The problem: Copy each line below as it stands, but skip any picture it contains.

Provided material:
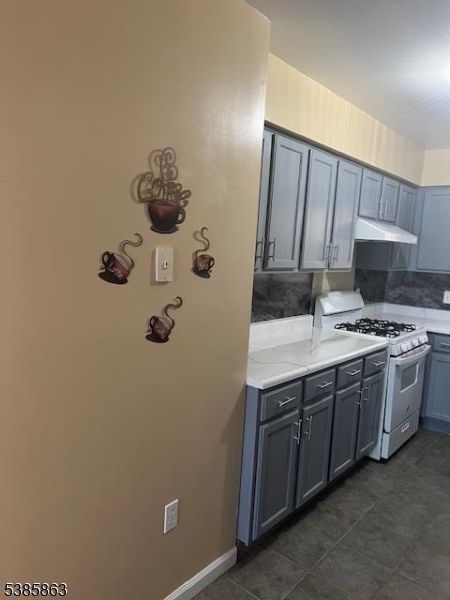 Interior, Kitchen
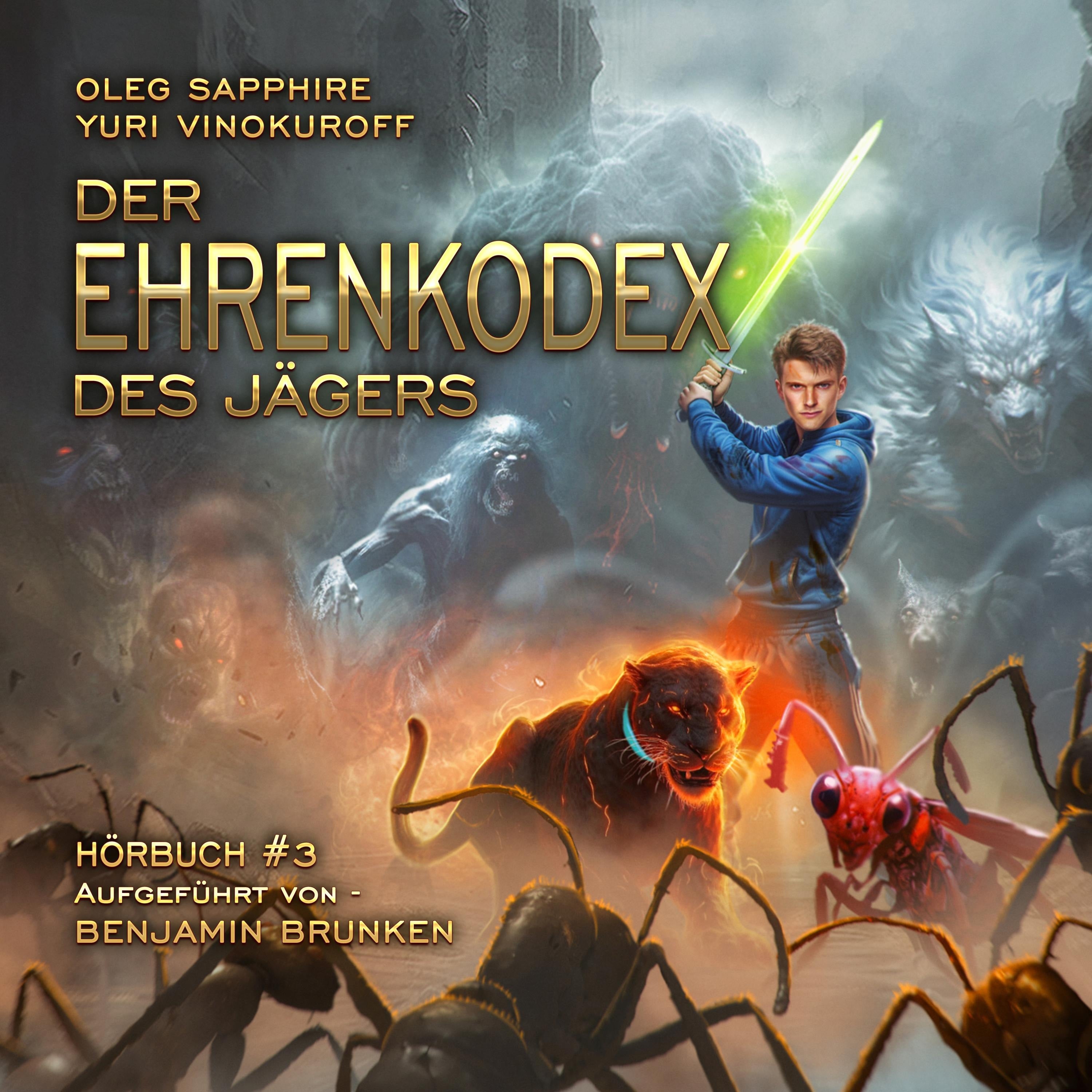 Der Ehrenkodex des Jägers (Buch 3)
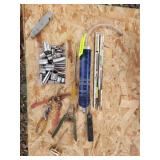 Shop Tool Round Up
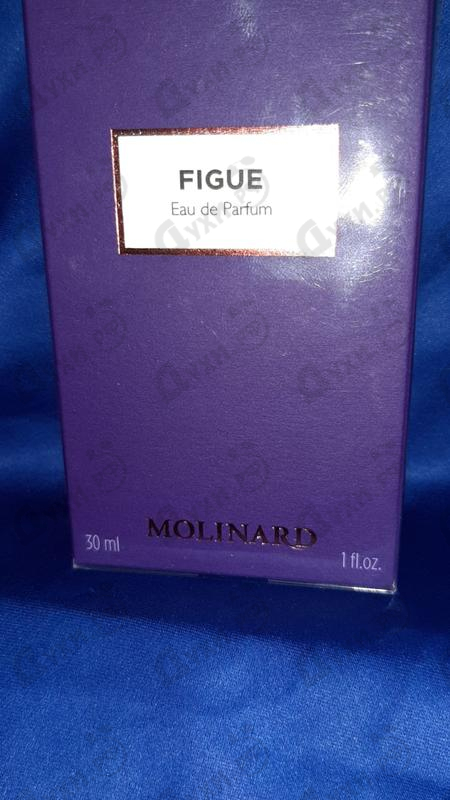 Парфюмерия Figue Eau De Parfum от Molinard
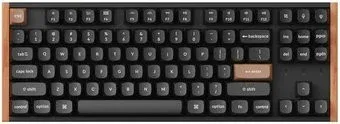 Keychron K8 HE Special Edition Black K8H-F1 (Nebula Magnetic, нет кириллицы)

Result for this exercise:
 Interior, Kitchen
 Der Ehrenkodex des Jägers (Buch 3)
 Shop Tool Round Up
 Парфюмерия Figue Eau De Parfum от Molinard
 Keychron K8 HE Special Edition Black K8H-F1 (Nebula Magnetic, нет кириллицы)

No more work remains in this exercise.